Today, Hexadite receives the alert within a second after it comes in, and sends behavioral data to Palo Alto and other sandboxes for analysis.
A full behavioral alert is ready within 18 seconds, and other information is collected in the next 40 to 60 seconds, he said.
The entire alert investigation process now takes a total of one and a half minutes, and those alerts that turn out to be significant are funneled into the automated remediation process.
For user workstations, a confidence level of 95 percent or so knocks it off the network and sends it in for automatic reimaging. For production systems, that happens at a confidence level of around 30 percent, since it's easier to rebuild them quickly.
There are still occasions when real people need to get involved, Ben-Oni added.
"But what they're looking at right now is a clearer storyboard of what actually happened," he said. "They get the results of a full automated investigation on their screen."
Hexadite came in about six months ago, he said. It took about a week to get started with the first set of 20 to 30 machines, Ben-Oni said. The system was extended to cover the rest of the company's infrastructure in stages.
At the end of the day, automation was not a choice, but a necessity, he said.
"As a public organization, it's incumbent on me to do this," he said.
Not everyone is ready to go this far in automating their security response, however.
"It's not practical in a business setting," said Andy Woods, director of commercial cybersecurity at BAE Systems. The company provides outsourced incident response services.
The big risk, he said, is overreacting to false positives and trying to re-image too many desktops at once.
"It could take down your network," he said. "You could be performing a DDOS on yourself."
In addition, he said, attackers are always innovating and threat indicators change constantly.
It takes a trained analyst to tell whether a threat is real or not, and to adjust indicators as needed, he said.
"Most security professionals are wary of enabling automated 'active' responses that could cause an interruption the very services they're chartered to protect," said Mike Paquette, vice president of security products at Prelert, a security analytics company.
But many organizations are already using automation, such as to automatically block network traffic to known bad sites, or sandboxing networks to detect and block malicious executables.
"I predict that we'll see accelerating adoption of automated incident response over the coming years, guided by the combination of machine learning and human expertise," he said.
That's where Hexadite comes in, said CEO Eran Barak, whose company has been training security analysts for many years.

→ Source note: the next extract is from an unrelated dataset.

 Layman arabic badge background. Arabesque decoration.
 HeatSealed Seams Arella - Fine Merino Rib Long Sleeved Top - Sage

That deep knowledge of the security analysis process allows the company to go beyond simple rules and indicators to a complex decision tree based on an extensive library of actions.
"What you do as a cyberanalyst, we do it automatically and faster," he said. "We close the loop in seconds instead of hours or days or months."

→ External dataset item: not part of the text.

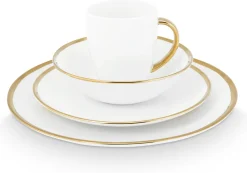 VT Wonen Ontbijtbord vtwonen White Gold 20 cm (Set van 2) Outlet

Barak said that his company has customers for whom it processes hundreds of alerts daily, and others with thousands of alerts. In addition, Hexadite also offers a semi-automated system, where the user has the ability to control the remediation process instead of the appliance triggering it automatically.
Automation has another benefit as well, said Paul Nguyen, CEO at CSG Invotas, another security automation vendor.
"Automation significantly reduces human error which is responsible for 52 percent of data breaches," he said.
Engage the enemy
Meanwhile, at IDT, Ben-Oni said that his security organization is now able to do more than simply react to incoming attacks -- and hope that nothing gets missed.
There is now time to do more, he said. "Maybe on the other side of this, the action side, or the attribution side, learning more about our adversary to better iterate or protect the organization going forward."
And that's just the start, he said.
"We can then enable our security operations center to take the next step, work on attribution and eliminating the source of the threat by working with law enforcement," he said. "And that's where we're going to go into the future."